6. It’s SEO friendly.

Aside from the truly excellent All-in-One SEO pack, WordPress sites are well understand by Googlebot and are one of the easiest types of site to optimize. One of the most arduous parts of SEO is the mechanical, step-by-step routine of getting pages ready, and almost all of this is handled automatically. If every site was built on WordPress, the missing Title and Description attributes that I find on 50% of the sites I analyze would actually be there.

7. You and your team can edit content.

Web designers and home builders have one thing in common: they make more money out of changes you make than the original design. I recently heard from a colleague who paid $1200 to have Twitter and Facebook icons added to their site footer, which is quite frankly just shameful (it’s two lines of code). With WordPress, you can hire a designer and SEO firm, set up the platform, and then make changes to pages, posts and layouts without having to cut checks. Editing WordPress pages is just like editing a Word document.

8. WordPress takes less than a minute to setup.

While this may seem hard to believe, it’s true. The one-click install package, available as a zipped installation for techies or Fantastico script for the rest, sets up the database and program files in seconds. Upgrades are also one-click.

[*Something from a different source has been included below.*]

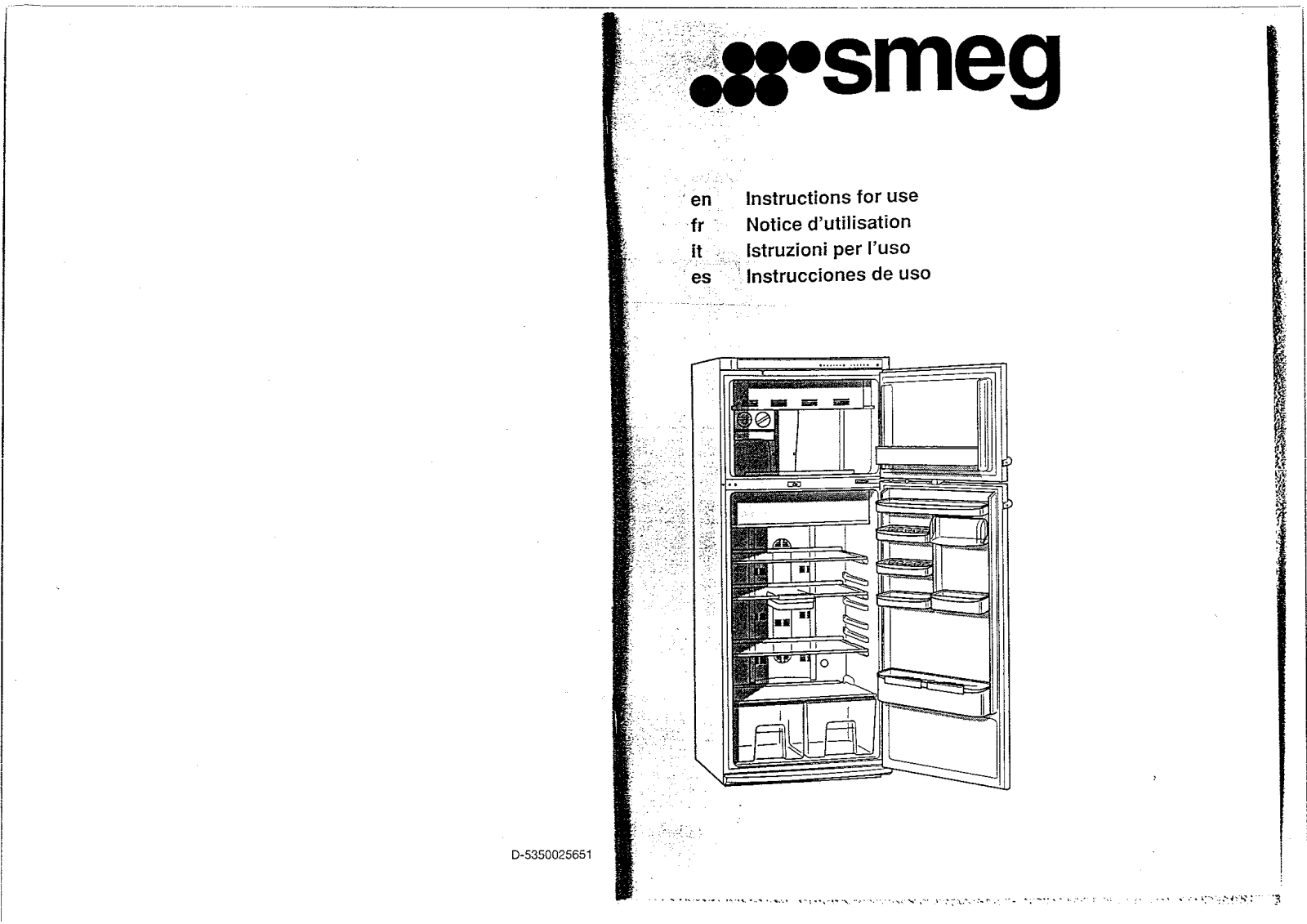 Smeg S41STRP User Manual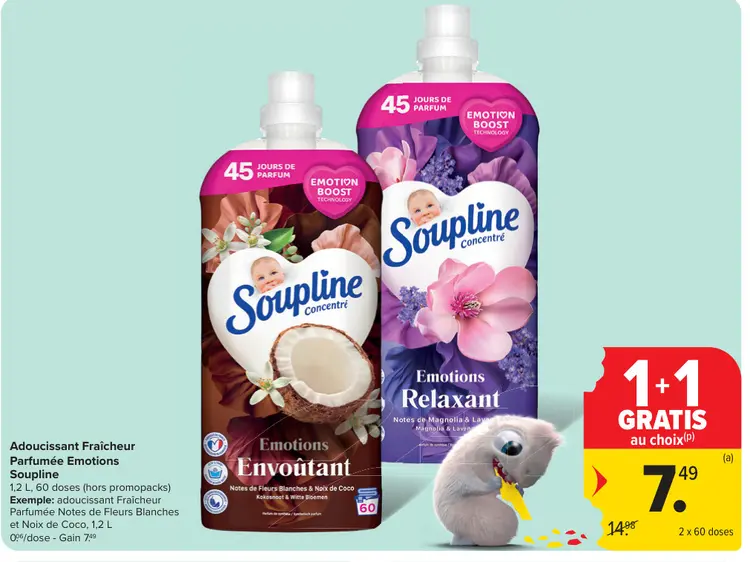 Offre: Adoucissant Fraîcheur Parfumée Emotions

9. You can leave anytime you want.

While it’s unlikely you ever will, I always find it comforting to find that my data is not tied into any one particular piece of software. WordPress offers a simple XML export function, so that you can move to another platform anytime you wish.

10. WordPress makes you focus on content.

The part of my job I most enjoy is providing content. While it’s great to talk to companies about the look and feel of their sites, I consider this more of the ‘setup’ phase, and ultimately successful SEO is always about content. Because WordPress handles so much of the technical side for you, it frees up resources to create news, articles and pages that will keep visitorsĀ coming back for more.